$5M gap sparks spending freeze; Mayor announces, "Everything is on the table".

PositionLOCAL NEWS

Byline: Matthew Bruun

FITCHBURG - The city is facing a $5 million deficit for fiscal 2009 and "everything is on the table" to close the gap in the coming months, Mayor Lisa A. Wong said yesterday.

The mayor announced a hiring and spending freeze, effective immediately, and said even the appointment of a new police chief may be postponed until the city gets a better grasp on its budget condition.

Ms. Wong, who noted she will mark her two-month anniversary in office tomorrow, described the scope of the budget problem at her weekly news conference.

"Transparency is very important to me," she said yesterday.

She said she has spent the first two months of her administration examining the city's financial situation, meeting several times each week with the city auditor, assessor and treasurer, and working with the state Department of Revenue to get a handle on the finances.

"After meeting with the DOR late last week to review a preliminary budget, we have identified there will be a budget deficit for fiscal year 2009 of approximately $5 million," she said. Asked whether that would mean layoffs of city employees, the mayor reiterated that "everything is on the table."

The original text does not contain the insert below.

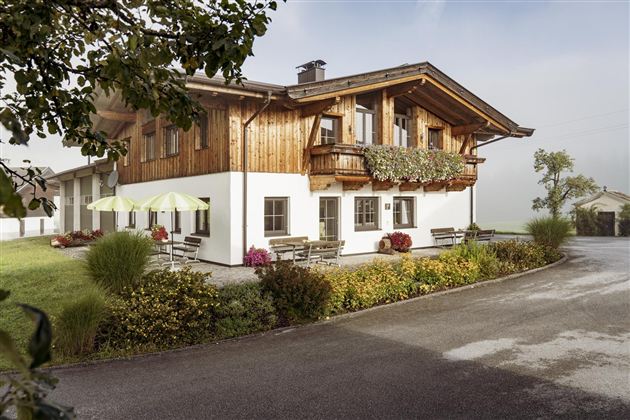 A charming house in alpine style with wooden cladding and a balcony. Surrounded by green meadows and blooming plants.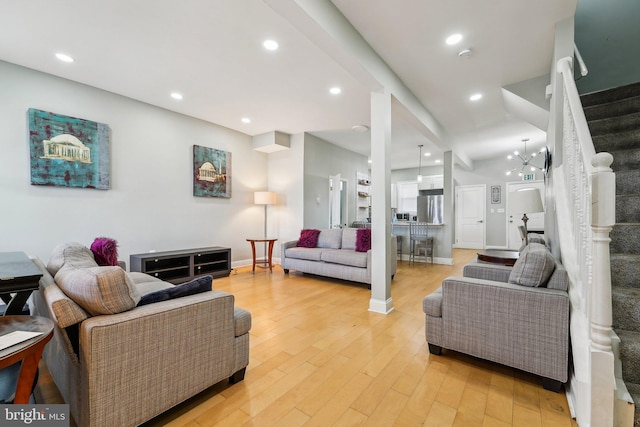 2519 Reisterstown Rd, Baltimore, MD 21217 - living room with stairway, light wood-style flooring, recessed lighting, and baseboards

The deficit, she said, involves a budget that would provide level services compared to this fiscal year. It also assumes what she described as realistic revenue projections. She attributed the deficit to rising health insurance and energy costs and other factors.

"We do not want to be over-projecting revenues," Ms. Wong said. "We have gone over the budget line by line."

She said the hiring freeze may temporarily extend to the police chief's post, which has been filled since last summer on an interim basis by Capt. Philip J. Kearns Jr. The mayor is in the midst of background checks on the two finalists for the job.

She called the chief's job a basic function of the city, but said she could wait until later to decide whether to make an appointment.

The mayor's draft of the fiscal 2009 budget is due to be presented to the City Council by May 15.

Ms. Wong, an economist by training, made her fiscal background a cornerstone of her campaign. She won a landslide victory in November, months after the city endured a tumultuous budget review that included millions of dollars in cuts that translated into dozens of positions being eliminated.

"This is a situation that has taken many years for us to get into," she said. "The changes we are making will take time because they are deep."